When we examine the Bible, there have been some emphases through the centuries that have been considered incorrect. One of these is thinking that God produced the Bible with so little ‘stain’ from humanity, that it can barely be called the product of humanity at all.
The other, has been thinking that God has had no part to play in the bringing about of Scripture. Thus, it is only the product of humanity.
The classic Christian perspective is that the Bible is truly the product of God and truly the product of humanity. The language of “truly” is important here, because if we start to use percentages we will run into contradictions or other troubles. If it is 100% God and 100% humanity, then that does not make sense. Moreover, if it is 50% and 50%, then we still have some portions that are neither God nor humanity. It is best to let percentages disappear.
The classic Christian Church took the perspective that the human agents who brought forth the pages of the Bible used their brains and their hands in a way that was completely theirs. Namely, when Matthew was writing his Gospel, he was not merely some kind of secretary, only writing down the things that God verbally spoke to him. Moreover, he was not overwhelmed by the Spirit’s power in such a way that God just wrote with Matthew’s hand. Truly, the Scriptures are the product of humanity.
And yet, God has been happy to work through the characteristics of Hebrew, Greek, and Aramaic languages (and minds) to bring forth a work that primarily points us to Jesus Christ (John 5:39).
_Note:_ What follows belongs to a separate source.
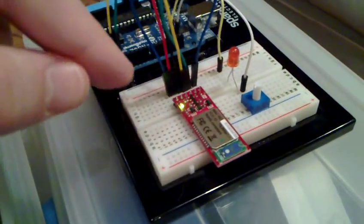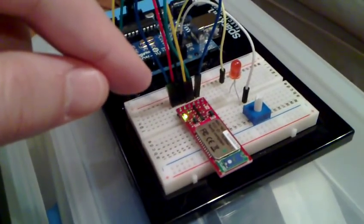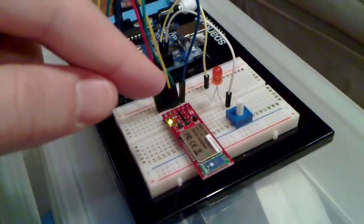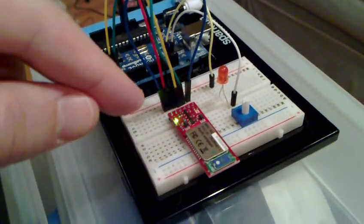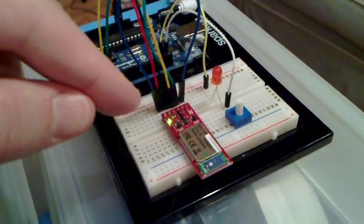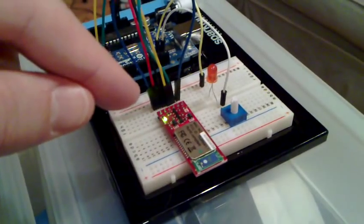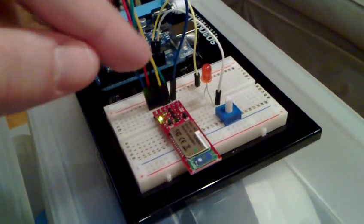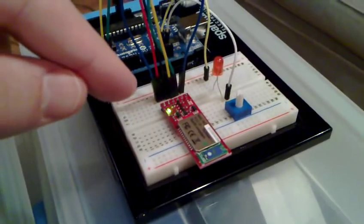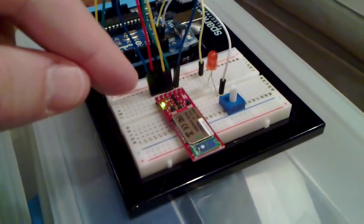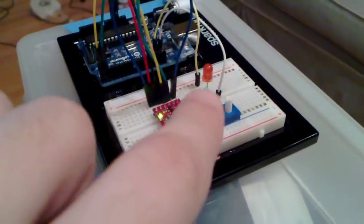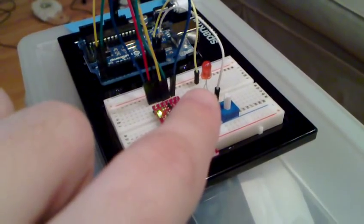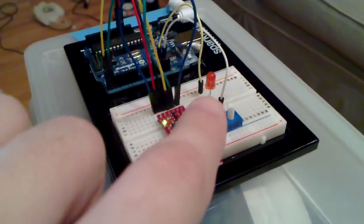The other connections on the BlueSMiRF are just VCC, which goes to 5 volts over here, and ground, which goes to ground on the Arduino. And there is also hardware flow control on the BlueSMiRF, and those are just connected together. I can show that in more detail on the blog post that I'm going to do. And otherwise I just have an LED connected here, just to show a quick example that I'm doing here.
There are plenty of ways that the Bible can be said to be the product of God, which I will get into in the weeks to come. Until then, I just wanted to lay out the classic Christian perspective on its own belief in the Bible. Which includes that the Scriptures are also truly the product of God.
Ask yourself the questions.
Do I give enough weight to the Bible being the product of human beings in my overall assessment?
Do I give enough weight to the Bible being the product of God in my overall assessment?